Caption-style text data
····················
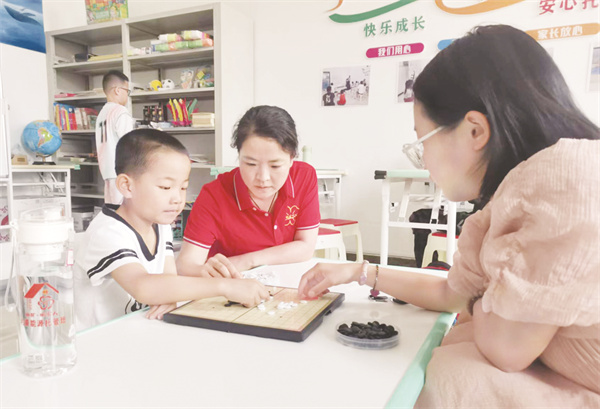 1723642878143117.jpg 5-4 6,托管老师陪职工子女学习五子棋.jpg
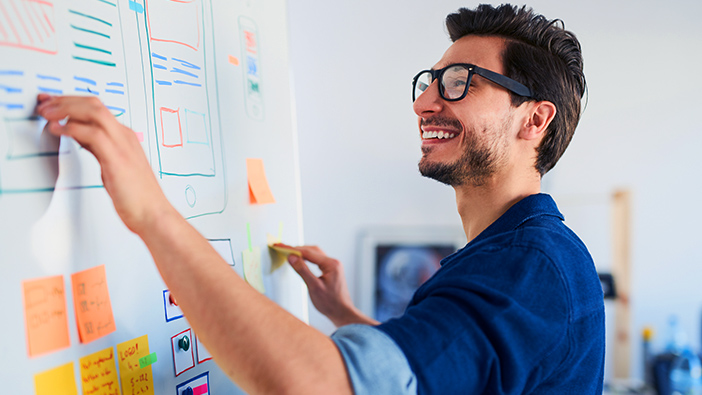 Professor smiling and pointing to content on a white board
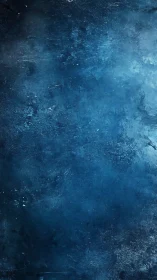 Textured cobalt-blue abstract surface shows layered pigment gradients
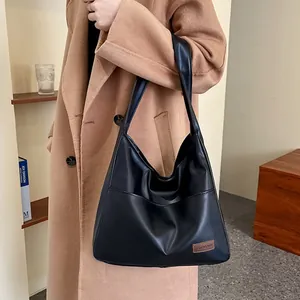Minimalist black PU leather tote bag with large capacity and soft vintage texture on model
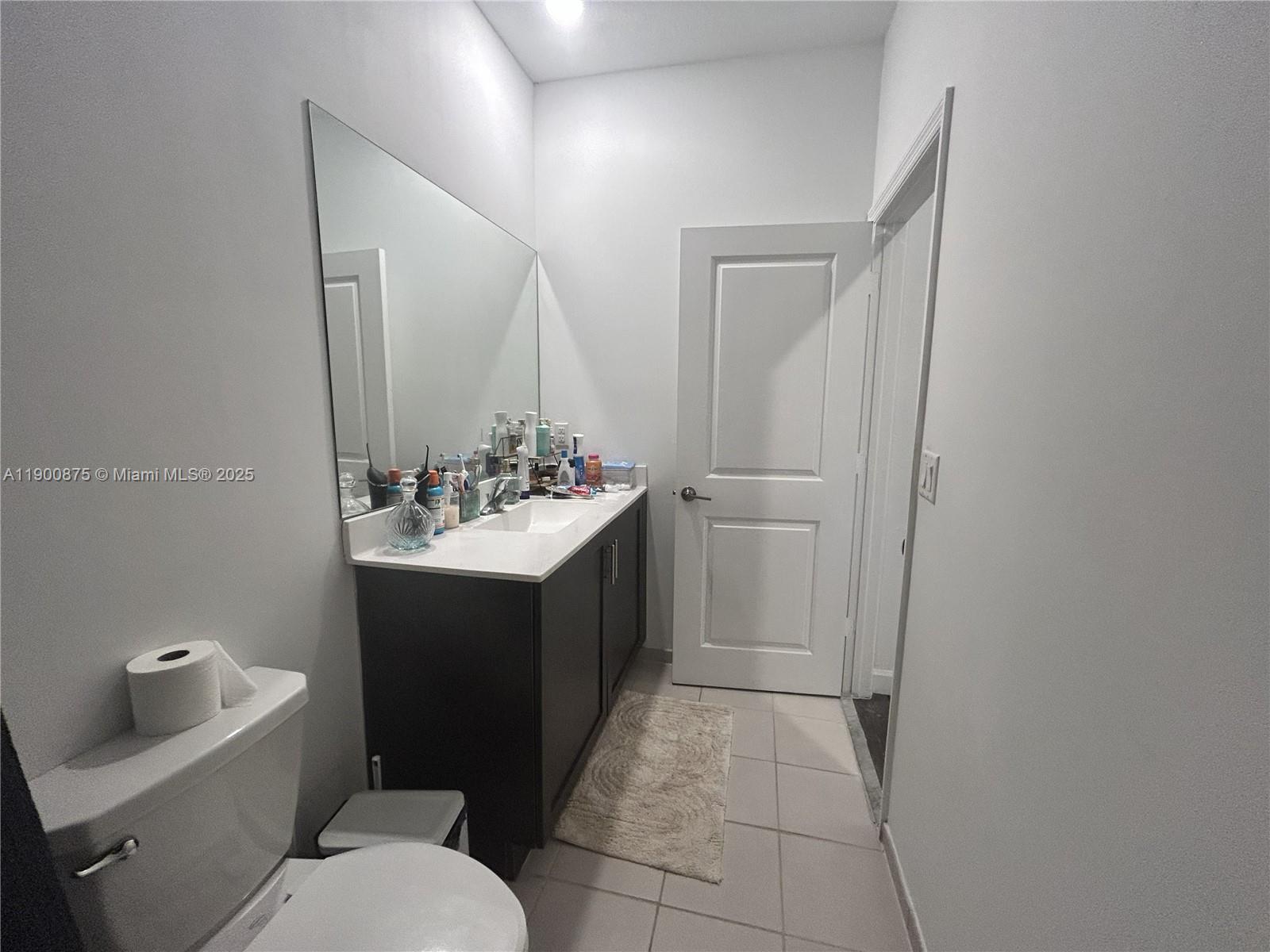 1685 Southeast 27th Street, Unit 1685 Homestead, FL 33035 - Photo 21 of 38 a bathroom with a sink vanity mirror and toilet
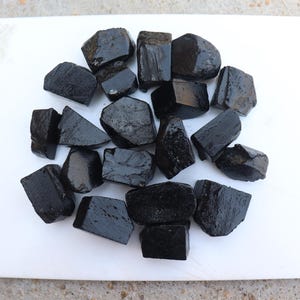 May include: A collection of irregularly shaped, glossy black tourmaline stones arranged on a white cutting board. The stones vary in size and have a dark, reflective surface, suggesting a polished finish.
····················
## WHAT YOU ARE ASKED TO DO
Please write out exactly the lines from the one containing "Minimalist black PU" through the last line of the records above, and leave out any pictures.

## SOLUTION FOR THIS EXERCISE
Minimalist black PU leather tote bag with large capacity and soft vintage texture on model
 1685 Southeast 27th Street, Unit 1685 Homestead, FL 33035 - Photo 21 of 38 a bathroom with a sink vanity mirror and toilet
 May include: A collection of irregularly shaped, glossy black tourmaline stones arranged on a white cutting board. The stones vary in size and have a dark, reflective surface, suggesting a polished finish.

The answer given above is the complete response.